Brexit campaigners face the prospect of more scrutiny over their conduct before the EU referendum after the Electoral Commission said it would review the implications of a court ruling on how to interpret political finance laws.
The latest case centres on a £435,000 donation to the Democratic Unionist party, the Northern Irish party that is allied to Theresa May, prime minister, in parliament.
Anti-Brexit campaigners allege the DUP spent the money without conducting adequate checks on its source, the little-known Constitutional Research Council, and they have concerns whether the donor directed how the money was spent, on advertising in the days before the 2016 vote.
The DUP and the CRC have denied any wrongdoing.
The commission, the UK watchdog in charge of enforcing campaign finance rules, had previously said there is insufficient evidence to open an investigation.
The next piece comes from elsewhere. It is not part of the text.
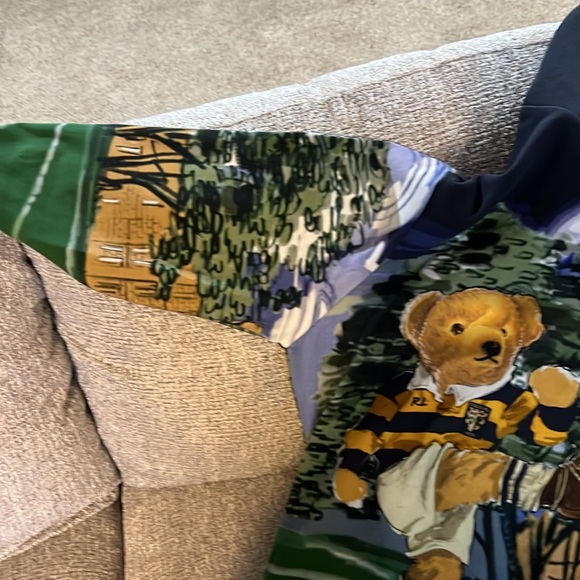 Polo Hoody XL - Picture 3 of 4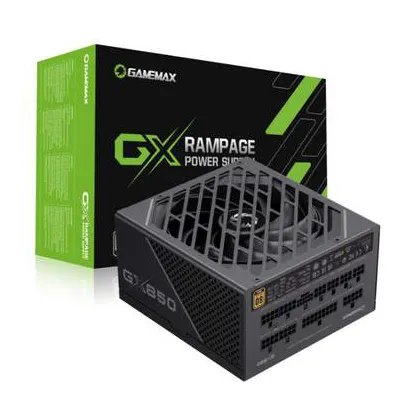 Блок питания 750W Gamemax GX-850 PRO BK 214608500022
But Jolyon Maugham, a barrister, last week won a legal challenge against the commission for its narrow interpretation of campaign finance limits, which he argues has implications for how the donation to the DUP should be seen. The commission said on Tuesday that it was “currently reviewing the detail of the High Court ruling and considering our next steps”.
Mr Maugham has also raised £17,000 via crowdfunding for a possible legal challenge. “We will be asking the Electoral Commission to review both the DUP’s conduct and the CRC’s conduct,” he said. “If public authorities don’t do their jobs, that causes a real erosion in public trust in the establishment.”
The DUP did not respond to a request for comment on the possible challenge.
The dispute highlights how the EU referendum exposed weaknesses in the UK’s rules for campaign finance. The commission itself has called for “urgent action” to make laws “fit for purpose in a digital age”.
The main Brexit groups — Vote Leave, backed by Boris Johnson and Michael Gove, and Leave.EU, backed by Nigel Farage — have incurred significant fines for overspending.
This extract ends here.